The Atlantic District was separated in May 1906 from the Eastern District; portions of the district were split off into the New England District and the New Jersey District in 1972. District offices are located in New York, New York.  Delegates from each congregation meet in convention every three years to elect the district president, vice presidents, circuit counselors, a board of directors, and other officers. Derek Lecakes was elected as the district president in August 2022 at the 61st Regular Convention which was held on July 22-23, 2022 at Our Savior's Lutheran Church in Albany, NY.  Since then, he has been succeeded by Rev. Dien Ashley Taylor.

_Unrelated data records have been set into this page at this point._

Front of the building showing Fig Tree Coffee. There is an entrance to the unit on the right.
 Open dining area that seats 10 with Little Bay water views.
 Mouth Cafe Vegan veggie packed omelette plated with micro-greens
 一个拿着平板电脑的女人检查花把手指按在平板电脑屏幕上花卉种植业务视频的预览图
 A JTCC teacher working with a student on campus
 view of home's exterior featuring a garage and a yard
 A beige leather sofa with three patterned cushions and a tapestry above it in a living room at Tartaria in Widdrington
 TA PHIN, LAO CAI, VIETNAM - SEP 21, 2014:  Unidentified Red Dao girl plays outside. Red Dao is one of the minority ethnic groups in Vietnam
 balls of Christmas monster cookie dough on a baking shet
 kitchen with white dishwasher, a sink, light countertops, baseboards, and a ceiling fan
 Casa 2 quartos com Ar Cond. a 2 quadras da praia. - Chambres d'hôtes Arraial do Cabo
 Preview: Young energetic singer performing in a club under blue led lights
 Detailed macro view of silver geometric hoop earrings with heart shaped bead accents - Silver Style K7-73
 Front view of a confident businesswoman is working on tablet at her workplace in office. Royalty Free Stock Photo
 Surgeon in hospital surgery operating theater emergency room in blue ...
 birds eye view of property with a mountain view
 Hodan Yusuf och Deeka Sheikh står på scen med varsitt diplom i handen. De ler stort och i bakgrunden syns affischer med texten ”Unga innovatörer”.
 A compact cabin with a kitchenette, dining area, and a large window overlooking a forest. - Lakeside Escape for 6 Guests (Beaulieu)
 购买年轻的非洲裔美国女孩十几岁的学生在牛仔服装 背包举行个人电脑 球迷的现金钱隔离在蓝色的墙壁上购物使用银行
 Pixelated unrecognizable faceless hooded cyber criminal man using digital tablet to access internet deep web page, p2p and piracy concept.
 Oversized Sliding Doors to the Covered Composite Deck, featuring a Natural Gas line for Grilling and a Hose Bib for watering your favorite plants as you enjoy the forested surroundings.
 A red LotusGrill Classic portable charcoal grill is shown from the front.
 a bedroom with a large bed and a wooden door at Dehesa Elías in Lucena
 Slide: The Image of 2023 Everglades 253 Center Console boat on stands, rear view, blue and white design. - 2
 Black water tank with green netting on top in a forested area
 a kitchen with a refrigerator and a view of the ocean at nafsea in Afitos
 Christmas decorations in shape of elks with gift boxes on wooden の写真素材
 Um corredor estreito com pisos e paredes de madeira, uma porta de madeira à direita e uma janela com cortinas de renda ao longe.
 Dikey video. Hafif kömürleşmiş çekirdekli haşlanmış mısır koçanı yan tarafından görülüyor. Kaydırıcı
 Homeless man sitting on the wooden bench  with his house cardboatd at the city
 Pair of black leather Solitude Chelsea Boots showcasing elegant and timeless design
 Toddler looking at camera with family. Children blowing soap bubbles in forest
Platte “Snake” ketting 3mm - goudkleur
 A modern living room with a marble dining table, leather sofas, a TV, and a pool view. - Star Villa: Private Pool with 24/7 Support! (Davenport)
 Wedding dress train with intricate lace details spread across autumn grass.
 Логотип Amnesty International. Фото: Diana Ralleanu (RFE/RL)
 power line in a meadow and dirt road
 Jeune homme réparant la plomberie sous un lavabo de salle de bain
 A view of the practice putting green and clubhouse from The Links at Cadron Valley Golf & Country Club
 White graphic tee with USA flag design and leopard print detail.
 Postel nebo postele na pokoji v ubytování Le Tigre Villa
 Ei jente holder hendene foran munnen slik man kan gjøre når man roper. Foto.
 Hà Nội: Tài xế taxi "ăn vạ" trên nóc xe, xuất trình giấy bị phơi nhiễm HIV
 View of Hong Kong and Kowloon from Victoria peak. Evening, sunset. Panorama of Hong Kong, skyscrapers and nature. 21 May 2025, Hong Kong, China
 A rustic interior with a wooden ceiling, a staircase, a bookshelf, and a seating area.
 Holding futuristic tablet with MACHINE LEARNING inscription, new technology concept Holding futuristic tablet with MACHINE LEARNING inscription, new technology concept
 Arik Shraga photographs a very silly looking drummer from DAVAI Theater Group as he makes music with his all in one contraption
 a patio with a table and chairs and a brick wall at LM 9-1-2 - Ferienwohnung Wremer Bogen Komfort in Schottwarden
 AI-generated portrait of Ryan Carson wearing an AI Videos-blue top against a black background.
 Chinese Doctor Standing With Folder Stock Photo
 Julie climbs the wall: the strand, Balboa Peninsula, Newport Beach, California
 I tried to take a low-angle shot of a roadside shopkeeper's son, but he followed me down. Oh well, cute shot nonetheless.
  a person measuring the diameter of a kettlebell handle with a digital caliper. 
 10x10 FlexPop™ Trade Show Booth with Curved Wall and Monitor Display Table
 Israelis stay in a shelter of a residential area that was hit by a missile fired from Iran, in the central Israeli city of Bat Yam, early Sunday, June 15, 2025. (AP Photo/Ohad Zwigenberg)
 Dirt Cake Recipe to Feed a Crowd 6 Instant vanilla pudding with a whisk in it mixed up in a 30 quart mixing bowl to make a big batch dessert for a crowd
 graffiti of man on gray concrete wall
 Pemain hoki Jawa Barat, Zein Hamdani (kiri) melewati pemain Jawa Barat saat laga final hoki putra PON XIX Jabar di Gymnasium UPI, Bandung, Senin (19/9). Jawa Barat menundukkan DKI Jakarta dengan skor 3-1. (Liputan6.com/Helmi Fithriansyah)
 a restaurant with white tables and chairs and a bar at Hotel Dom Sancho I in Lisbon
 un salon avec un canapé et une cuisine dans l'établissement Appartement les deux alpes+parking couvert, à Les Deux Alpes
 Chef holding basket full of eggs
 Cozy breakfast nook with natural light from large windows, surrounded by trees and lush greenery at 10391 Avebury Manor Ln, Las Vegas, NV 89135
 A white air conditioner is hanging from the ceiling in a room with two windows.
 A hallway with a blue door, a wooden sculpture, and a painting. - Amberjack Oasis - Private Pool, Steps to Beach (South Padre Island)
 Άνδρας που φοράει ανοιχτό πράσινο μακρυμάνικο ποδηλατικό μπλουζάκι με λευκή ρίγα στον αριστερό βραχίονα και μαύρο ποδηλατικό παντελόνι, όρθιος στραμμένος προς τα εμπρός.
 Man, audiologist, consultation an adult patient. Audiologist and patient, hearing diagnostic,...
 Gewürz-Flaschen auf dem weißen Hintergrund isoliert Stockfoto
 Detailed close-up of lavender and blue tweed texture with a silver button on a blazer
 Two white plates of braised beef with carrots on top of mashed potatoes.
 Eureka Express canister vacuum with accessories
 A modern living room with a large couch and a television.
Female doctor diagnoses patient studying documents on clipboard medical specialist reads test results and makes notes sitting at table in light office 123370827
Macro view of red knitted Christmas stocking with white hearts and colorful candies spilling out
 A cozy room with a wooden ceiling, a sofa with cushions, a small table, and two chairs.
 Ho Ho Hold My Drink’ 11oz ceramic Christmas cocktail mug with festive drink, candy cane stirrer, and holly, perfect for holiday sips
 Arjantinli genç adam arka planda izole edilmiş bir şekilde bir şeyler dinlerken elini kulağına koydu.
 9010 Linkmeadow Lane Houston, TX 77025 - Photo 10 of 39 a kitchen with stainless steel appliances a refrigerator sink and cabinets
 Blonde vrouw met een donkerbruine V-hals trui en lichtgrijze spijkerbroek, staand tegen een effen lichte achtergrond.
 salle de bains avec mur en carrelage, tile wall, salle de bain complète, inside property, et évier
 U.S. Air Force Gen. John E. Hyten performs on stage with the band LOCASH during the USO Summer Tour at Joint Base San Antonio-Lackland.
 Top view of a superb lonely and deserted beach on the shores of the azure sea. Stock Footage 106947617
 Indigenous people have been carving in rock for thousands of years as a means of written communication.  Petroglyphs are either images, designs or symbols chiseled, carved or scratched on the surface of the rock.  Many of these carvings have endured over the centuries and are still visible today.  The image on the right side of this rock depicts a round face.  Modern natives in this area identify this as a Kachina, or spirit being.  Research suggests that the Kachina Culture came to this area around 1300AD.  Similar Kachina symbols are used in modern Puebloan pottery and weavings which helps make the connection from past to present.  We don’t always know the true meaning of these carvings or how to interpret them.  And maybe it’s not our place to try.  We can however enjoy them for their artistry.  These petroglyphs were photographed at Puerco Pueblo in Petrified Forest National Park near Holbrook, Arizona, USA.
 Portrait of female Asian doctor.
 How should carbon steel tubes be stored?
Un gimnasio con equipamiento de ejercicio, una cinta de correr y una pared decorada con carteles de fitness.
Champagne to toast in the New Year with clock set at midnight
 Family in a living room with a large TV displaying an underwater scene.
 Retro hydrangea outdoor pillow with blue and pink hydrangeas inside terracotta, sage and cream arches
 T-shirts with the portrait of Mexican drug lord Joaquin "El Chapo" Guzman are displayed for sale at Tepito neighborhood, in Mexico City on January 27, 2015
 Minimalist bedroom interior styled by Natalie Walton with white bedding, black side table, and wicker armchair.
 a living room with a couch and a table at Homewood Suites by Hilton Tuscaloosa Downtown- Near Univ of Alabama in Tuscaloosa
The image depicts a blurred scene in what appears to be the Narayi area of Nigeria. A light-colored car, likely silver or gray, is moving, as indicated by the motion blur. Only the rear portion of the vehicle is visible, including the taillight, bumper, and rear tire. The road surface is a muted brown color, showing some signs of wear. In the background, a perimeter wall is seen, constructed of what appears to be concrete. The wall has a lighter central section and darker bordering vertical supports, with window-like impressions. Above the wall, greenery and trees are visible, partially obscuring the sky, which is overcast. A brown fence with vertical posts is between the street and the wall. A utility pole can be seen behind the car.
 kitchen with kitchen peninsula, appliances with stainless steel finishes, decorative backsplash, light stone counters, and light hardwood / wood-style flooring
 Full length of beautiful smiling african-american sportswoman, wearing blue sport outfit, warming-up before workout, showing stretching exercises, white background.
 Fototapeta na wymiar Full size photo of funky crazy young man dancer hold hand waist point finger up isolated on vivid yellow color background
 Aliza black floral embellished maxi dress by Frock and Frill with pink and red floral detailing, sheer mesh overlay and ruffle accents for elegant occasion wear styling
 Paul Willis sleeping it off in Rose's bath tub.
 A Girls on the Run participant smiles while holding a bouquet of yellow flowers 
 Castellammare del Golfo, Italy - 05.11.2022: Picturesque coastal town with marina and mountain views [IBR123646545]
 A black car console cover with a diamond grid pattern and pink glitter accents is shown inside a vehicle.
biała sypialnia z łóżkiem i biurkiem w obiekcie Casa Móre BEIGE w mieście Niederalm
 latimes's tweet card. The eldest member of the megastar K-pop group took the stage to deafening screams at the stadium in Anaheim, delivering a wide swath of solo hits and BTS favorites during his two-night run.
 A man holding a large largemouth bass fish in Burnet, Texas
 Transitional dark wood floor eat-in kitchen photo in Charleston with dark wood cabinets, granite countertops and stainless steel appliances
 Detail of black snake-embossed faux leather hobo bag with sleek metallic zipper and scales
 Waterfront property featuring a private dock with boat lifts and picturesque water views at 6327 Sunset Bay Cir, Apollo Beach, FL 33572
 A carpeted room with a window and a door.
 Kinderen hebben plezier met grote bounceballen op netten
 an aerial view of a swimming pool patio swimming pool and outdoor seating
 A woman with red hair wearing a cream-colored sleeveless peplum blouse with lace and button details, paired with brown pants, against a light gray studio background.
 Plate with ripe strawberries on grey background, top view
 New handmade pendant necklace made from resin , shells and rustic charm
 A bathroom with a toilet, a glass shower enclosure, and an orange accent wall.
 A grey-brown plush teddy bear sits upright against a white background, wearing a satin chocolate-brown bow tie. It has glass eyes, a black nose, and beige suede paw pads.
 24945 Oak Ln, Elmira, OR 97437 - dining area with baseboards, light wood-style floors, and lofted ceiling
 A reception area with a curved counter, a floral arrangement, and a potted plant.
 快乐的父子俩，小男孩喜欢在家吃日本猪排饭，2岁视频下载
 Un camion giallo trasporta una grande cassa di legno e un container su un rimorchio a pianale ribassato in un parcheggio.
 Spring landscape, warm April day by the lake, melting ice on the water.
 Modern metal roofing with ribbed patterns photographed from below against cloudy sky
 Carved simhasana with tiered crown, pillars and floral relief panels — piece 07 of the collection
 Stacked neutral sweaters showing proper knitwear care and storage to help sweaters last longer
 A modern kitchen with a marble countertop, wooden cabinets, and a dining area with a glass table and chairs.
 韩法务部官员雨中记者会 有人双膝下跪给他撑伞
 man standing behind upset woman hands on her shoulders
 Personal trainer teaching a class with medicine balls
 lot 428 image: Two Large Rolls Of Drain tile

Concordia College (New York), which was part of the LCMS's Concordia University System, ceased offering classes as of August 2021, with a final conferral of degrees in December 2021. A district congregation, the Evangelical Lutheran Church of Saint Matthew, in Washington Heights, Manhattan, was founded in 1664 and is the oldest congregation in the Missouri Synod.

Presidents
Rev. Ernst C. L. Schulze, 1906–1918
Rev. Philip H. L. Birkner, 1918–1930
Rev. Arthur J. C. Brunn, 1930–1941
Rev. George K. A. Koenig, 1941–1942
Rev. Herman J. Rippe, 1942–1960
Rev. Karl F. Graesser, 1960–1967
Rev. Rudolph P. F. Ressmeyer, 1967–1976
Rev. Henry L. Koepchen, 1976 (acting president)
Rev. Ronald F. Fink, 1976–1989
Rev. James Zwernemann, 1989–1991
Rev. Dr. David H. Benke, 1991–2015
Rev. Derek Lecakes, 2015–2022
Rev. Dr. Dien Ashley Taylor, 2022-present

Ressmeyer was one of four district presidents who were removed from office by Synod President J. A. O. Preus on April 2, 1976, for non-compliance with synodical directives on the ordination and placement of improperly endorsed ministerial candidates from Seminex.

References

External links
Atlantic District web site
List of Atlantic District congregations
LCMS: Atlantic District
LCMS Congregation Directory

Lutheran Church–Missouri Synod districts
Lutheranism in New York (state)
Christian organizations established in 1906
Lutheran districts established in the 20th century
1906 establishments in New York (state)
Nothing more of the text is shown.